# Tethering goats?



## dancingbear (Mar 25, 2008)

I'm seriously thinking of getting some ND's, and looking at possibilities for housing them. 

I'm wondering if it's ok to tether a goat with a collar, so they can be moved around different areas to graze. 

What I have in mind is this: A decent sized, but not huge pen with a nice shelter in it, water trough or bucket, hay rack, etc., to keep one or two dwarf goats at night, then in the day time tether them out on different parts of the property where there's a good variety of browse, shade and sun, water bucket...

I'd be checking on them often. Most places I'd tether them I could see from the back door, too. Is this a fairly safe practice? I don't want to harm them by doing something stupid. I've read about people keeping goats on a tether, and wondered if it may be a good option.


----------



## Alice In TX/MO (May 10, 2002)

Tethered goats tangle themselves and anything within reach. :viking:


----------



## Caprice Acres (Mar 6, 2005)

It's a big danger from predators or wandering dogs.

They tangle themselves, sometimes into deadly positions.

The browsing opportunities are limited, because you can't tether them near too much brush. (and therefore you would still have to provide quite a bit of feed)

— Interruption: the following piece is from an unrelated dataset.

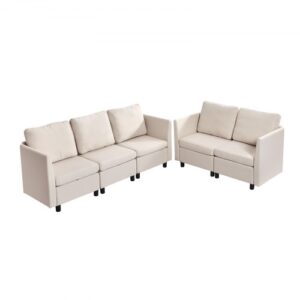 Sofa narożna VEVOR z ukrytym schowkiem, modułowa kanapa z pianką wysokoelastyczną, tapicerowana sofa (5-osobowa) z ramą z litego drewna do salonu i sypialni, beżowa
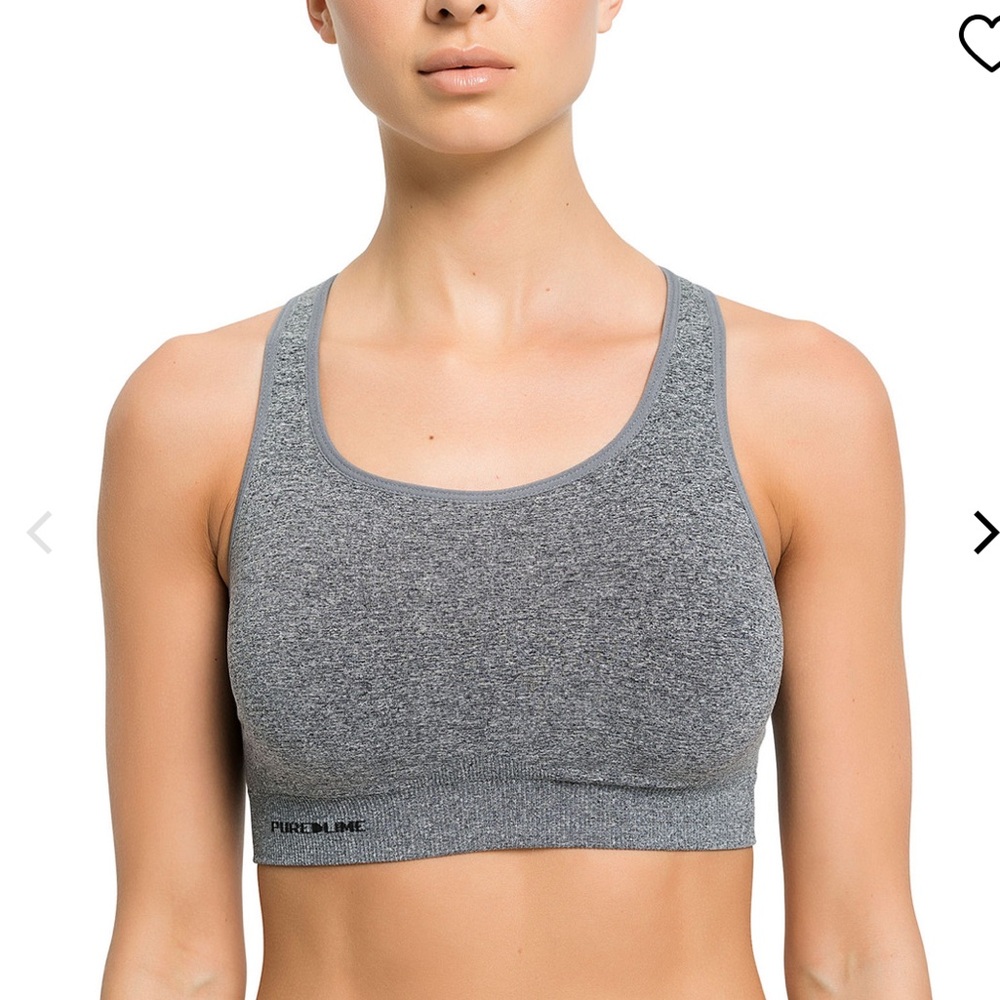 PureLime seamless sports bra gray small / medium racer back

If I were you, I would just spend a little more and fence the area. More expensive, yes, but MUCH, MUCH safer and alot less hassle. Better yet, make two pastures for rotational purposes.


----------



## MisFitFarm (Dec 31, 2007)

This subject comes up every so often. As I am typing this, I have 11 goats tethered in my yard. They are tethered just far enough apart that they don't get tangled with each other, and it allows me to move them around to places that I can't fence in. It's a change for them, and they absolutely love it. I do it several times a week, and it cuts down on the amount I have to mow! (More eco-friendly.)

Having said that, I think it's entirely up to you and your situation. I check on mine frequently, make sure each one can reach water, and our LGD is right there with them. So, they are in my yard, I can see them from every window in the house, and they are being watched by a huge fur ball who is VERY attached to his babies.


----------



## dancingbear (Mar 25, 2008)

I was thinking of maybe some "zip-line" arrangements, like people sometimes use for dogs. Sturdy posts with a strong cable, sort of like a clothes line, so they could run back and forth without a bunch of cable down where they'd wrap it around anything. I have 2 good dogs who guard the chickens, I'm sure they'd help me watch the goats. And, I'd never leave them tethered overnight, or when I wouldn't be home.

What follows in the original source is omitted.